La référence s’impose très vite : Bianca Jagger, Saint-Tropez, 12 mai 1971. Pour épouser Mick Jagger, elle portait un ensemble ivoire signé Yves Saint Laurent une veste Le Smoking, une jupe longue, un chapeau souple voilé. La veste, fermée d’un seul bouton, était portée à même la peau. Une silhouette devenue instantanément iconique, mais qui était, avant tout, un geste. En 1971, choisir un tailleur pour se marier n’était pas une variation stylistique, c’était une rupture. Le Smoking, introduit par Yves Saint Laurent en 1966, bousculait encore les normes vestimentaires en empruntant au vestiaire masculin pour redéfinir la silhouette féminine. L’adopter pour un mariage revenait à refuser l’idée même d’un rôle assigné. Bianca Jagger ne détournait pas la tradition : elle la redéfinissait.

Photo: Getty Images

C’est cette ligne que Dua Lipa réactive, avec Schiaparelli comme relais. Daniel Roseberry ne cite pas, il interprète. Là où Saint Laurent travaillait la pureté de ligne, Schiaparelli introduit une dimension plus expressive, presque narrative. Les boutons-bijoux, la dentelle, le chapeau doublé d’or inscrivent la silhouette dans un vocabulaire surréaliste, où le vêtement dépasse sa fonction pour devenir objet de pensée. La filiation est claire, mais elle n’est jamais figée.

Entre Bianca Jagger et Dua Lipa, d’autres figures ont prolongé cette réflexion sur le vestiaire nuptial. Amal Clooney, en 2014, choisissait un tailleur-pantalon Stella McCartney pour sa cérémonie civile. La même année, Solange Knowles apparaissait dans une combinaison-cape signée Stéphane Rolland, redéfinissant les volumes attendus. Plus récemment, Charli XCX optait pour une silhouette Vivienne Westwood à la mairie de Londres, tandis que Maya Hawke privilégiait une robe Prada sur mesure accompagnée d’un manteau à plumes.

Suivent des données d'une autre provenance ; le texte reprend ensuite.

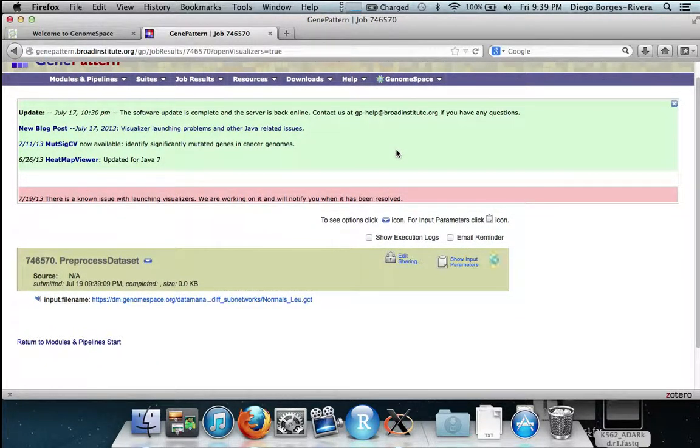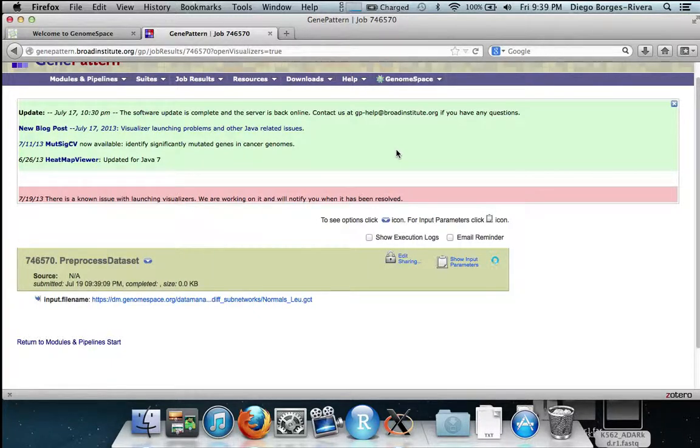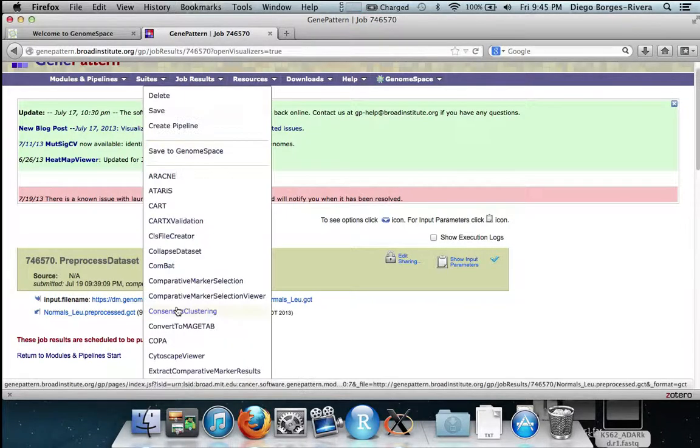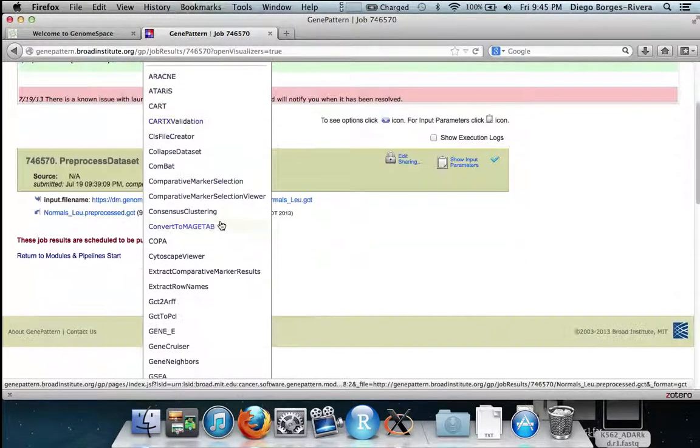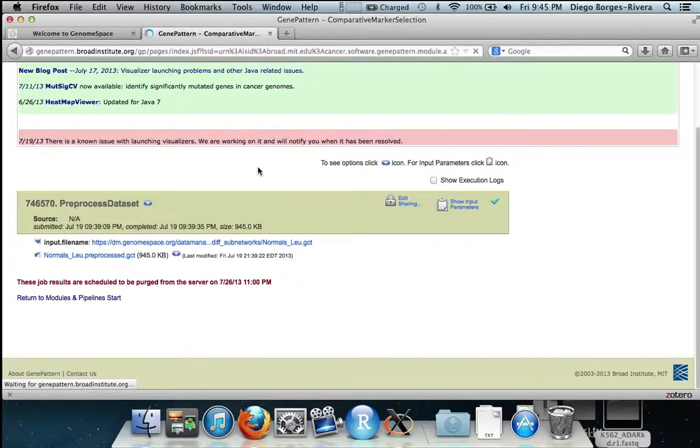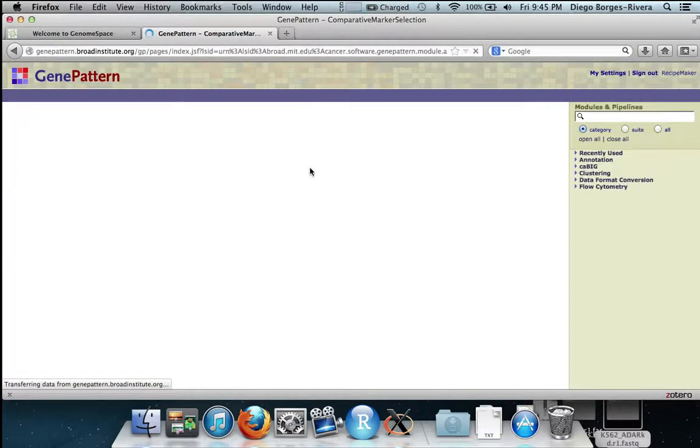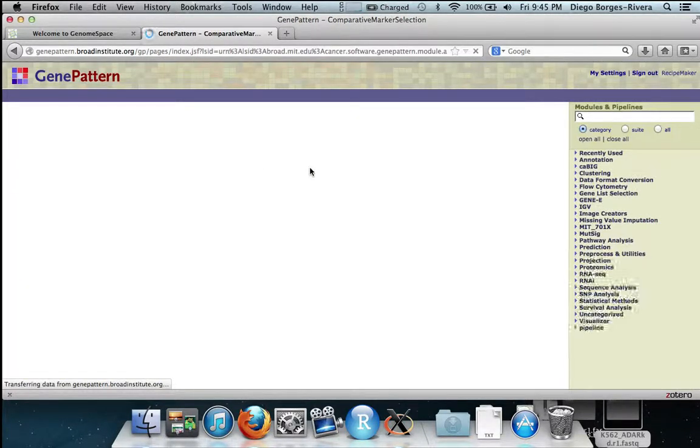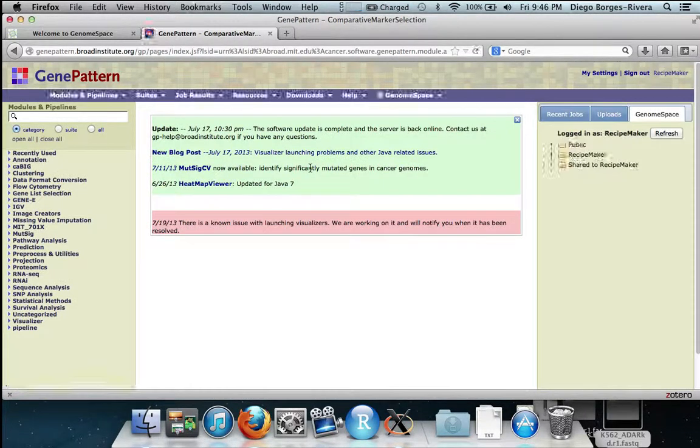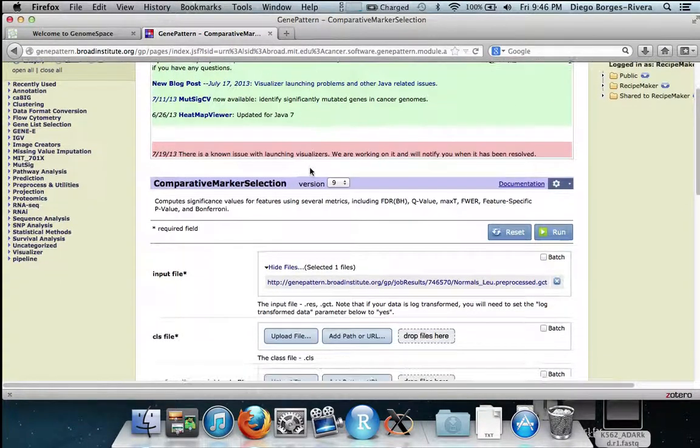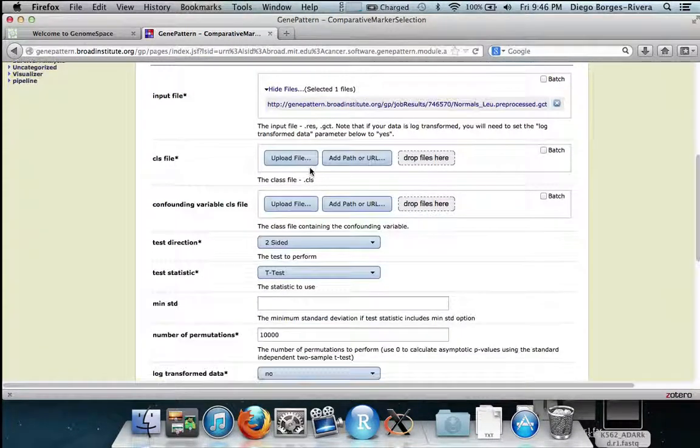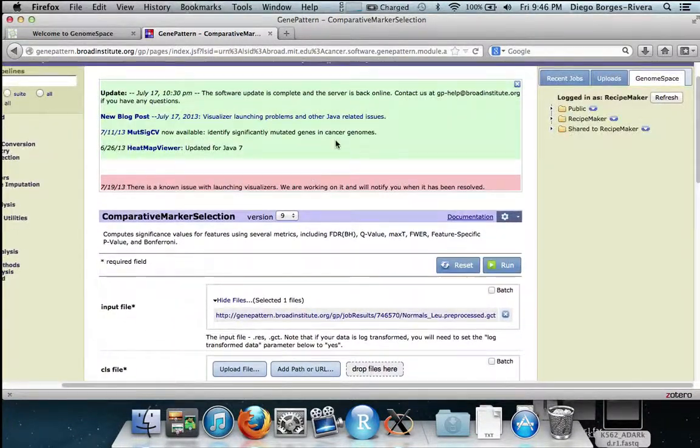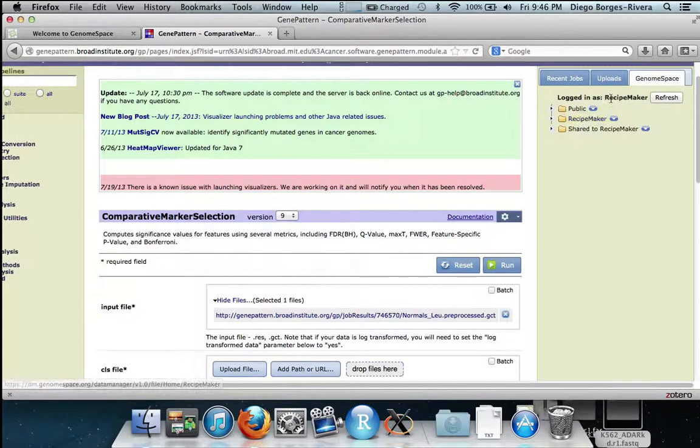To discover differentially expressed genes we now send this filtered expression data set to comparative marker selection by clicking the arrow and hitting comparative marker selection. Here we also fill in the dot CLS parameter which defines what samples are control and what samples are disease, tumor in this case.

Autant de réponses à une même question : que signifie se marier en tant que femme visible, consciente de son image, dans un espace saturé de références ?

Dua Lipa y répond avec précision. Choisir Schiaparelli, c’est refuser la neutralité, affirmer que la tenue de mariage n’est pas un effacement mais une prise de position, que le vêtement, même dans ce moment codifié, reste un langage et que ce langage peut être cultivé, informé, référencé. Un second mariage est déjà évoqué, cette fois à Palerme. Les noms circulent : Donatella Versace, Simon Porte Jacquemus. Deux visions, deux écritures possibles du corps. Mais quelle que soit la suite, une chose est déjà actée : le premier chapitre n’était pas un simple moment. C’était une déclaration.